For Microsoft 365 Business Standard tenants, assignment must be done per-user (group-based app assignment is a licensing limitation).
Breakglass Access: In my professional opinion, it's best practice to keep one user as an admin and not integrate into SSO. This ensures ease of access if the SAML Certificate expires and users lose access.
How to Setup SSO Walkthrough
Thinking through RBAC and the Roles:
Microsoft recommends RBAC as a foundational security best practice for all cloud environments, including Microsoft 365
Think in terms of operational separation:
1️⃣ Architect Role (Administrative)
Intended For:
Security Architects
Senior Engineers
Platform Owners
Capabilities:
Create and modify baselines
Define best practices
Manage tenant configurations
Assign roles to other users
High-level access decisions
This role carries strategic control over policy design and governance.

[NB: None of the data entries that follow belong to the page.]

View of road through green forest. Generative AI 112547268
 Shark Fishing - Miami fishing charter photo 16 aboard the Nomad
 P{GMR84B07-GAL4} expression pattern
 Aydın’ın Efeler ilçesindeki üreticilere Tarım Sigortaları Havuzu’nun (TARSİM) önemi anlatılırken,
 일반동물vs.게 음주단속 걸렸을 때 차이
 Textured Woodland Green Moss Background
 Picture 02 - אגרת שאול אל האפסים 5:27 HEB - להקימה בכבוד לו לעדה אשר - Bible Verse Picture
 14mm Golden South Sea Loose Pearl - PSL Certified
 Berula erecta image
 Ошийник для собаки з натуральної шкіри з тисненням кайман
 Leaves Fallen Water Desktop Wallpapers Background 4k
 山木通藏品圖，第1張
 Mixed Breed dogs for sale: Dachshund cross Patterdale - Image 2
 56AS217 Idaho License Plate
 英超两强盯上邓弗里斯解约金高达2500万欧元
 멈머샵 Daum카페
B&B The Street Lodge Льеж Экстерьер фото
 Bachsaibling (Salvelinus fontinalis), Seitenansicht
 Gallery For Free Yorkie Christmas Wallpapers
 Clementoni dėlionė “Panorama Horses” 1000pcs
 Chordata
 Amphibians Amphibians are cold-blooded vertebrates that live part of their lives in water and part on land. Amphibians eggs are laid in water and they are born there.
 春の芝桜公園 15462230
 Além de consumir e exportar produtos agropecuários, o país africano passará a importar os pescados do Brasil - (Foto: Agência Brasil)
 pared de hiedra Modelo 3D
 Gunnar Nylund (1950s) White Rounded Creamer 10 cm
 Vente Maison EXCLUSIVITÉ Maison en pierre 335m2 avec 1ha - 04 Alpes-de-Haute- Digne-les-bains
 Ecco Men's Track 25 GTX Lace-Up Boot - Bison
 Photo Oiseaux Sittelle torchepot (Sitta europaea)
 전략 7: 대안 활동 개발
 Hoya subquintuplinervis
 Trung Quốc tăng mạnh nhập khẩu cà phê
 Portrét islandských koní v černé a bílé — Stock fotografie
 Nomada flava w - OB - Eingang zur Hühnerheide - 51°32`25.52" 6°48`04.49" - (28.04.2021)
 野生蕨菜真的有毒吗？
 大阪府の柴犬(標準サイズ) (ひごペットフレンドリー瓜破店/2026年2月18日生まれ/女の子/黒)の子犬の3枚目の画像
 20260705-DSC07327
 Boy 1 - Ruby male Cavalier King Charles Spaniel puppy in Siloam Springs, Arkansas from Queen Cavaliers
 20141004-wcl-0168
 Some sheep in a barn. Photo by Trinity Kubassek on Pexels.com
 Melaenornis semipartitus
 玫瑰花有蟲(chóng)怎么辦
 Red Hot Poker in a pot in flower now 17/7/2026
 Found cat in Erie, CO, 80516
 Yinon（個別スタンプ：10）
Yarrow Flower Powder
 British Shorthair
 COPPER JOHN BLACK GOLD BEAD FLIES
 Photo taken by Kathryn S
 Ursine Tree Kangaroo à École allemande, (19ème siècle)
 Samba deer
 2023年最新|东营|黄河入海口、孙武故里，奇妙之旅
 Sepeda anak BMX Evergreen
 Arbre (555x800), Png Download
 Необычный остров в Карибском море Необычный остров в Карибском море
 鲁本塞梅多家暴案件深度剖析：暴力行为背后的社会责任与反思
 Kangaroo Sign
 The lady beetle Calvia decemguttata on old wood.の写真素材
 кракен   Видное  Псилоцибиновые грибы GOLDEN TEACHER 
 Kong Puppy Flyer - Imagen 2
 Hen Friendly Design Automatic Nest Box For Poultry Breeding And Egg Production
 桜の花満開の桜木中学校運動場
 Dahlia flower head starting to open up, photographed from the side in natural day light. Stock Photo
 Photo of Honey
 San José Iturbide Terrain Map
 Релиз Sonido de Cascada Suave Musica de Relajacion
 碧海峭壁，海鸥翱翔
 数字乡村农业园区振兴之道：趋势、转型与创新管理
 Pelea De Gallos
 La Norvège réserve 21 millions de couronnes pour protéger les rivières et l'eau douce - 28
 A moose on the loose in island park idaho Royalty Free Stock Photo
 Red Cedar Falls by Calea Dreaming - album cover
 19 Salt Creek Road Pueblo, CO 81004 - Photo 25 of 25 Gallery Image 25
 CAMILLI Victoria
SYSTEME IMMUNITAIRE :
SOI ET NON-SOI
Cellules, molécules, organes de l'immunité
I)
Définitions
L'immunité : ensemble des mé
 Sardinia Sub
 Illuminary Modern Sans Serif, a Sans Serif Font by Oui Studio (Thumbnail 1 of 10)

2️⃣ Engineering Role (Operational)
Intended For:
Day-to-day operations teams
Deployment engineers
Technical support teams
Capabilities:
Align tenants to baselines
Push policies
Review configuration drift
Execute operational changes
Limitations:
Cannot create or modify baselines
Cannot change global architecture decisions
This enforces separation of duties between design and execution.
3️⃣ Read-Only Role (Reporting & Business Visibility)
Intended For:
Technical Account Managers (TAMs)
Sales Engineers
Business Operations
Capabilities:
View configurations
Generate reports
Review compliance posture
Limitations:
No modification rights
No baseline changes
No tenant configuration changes
This enables business insight without operational risk.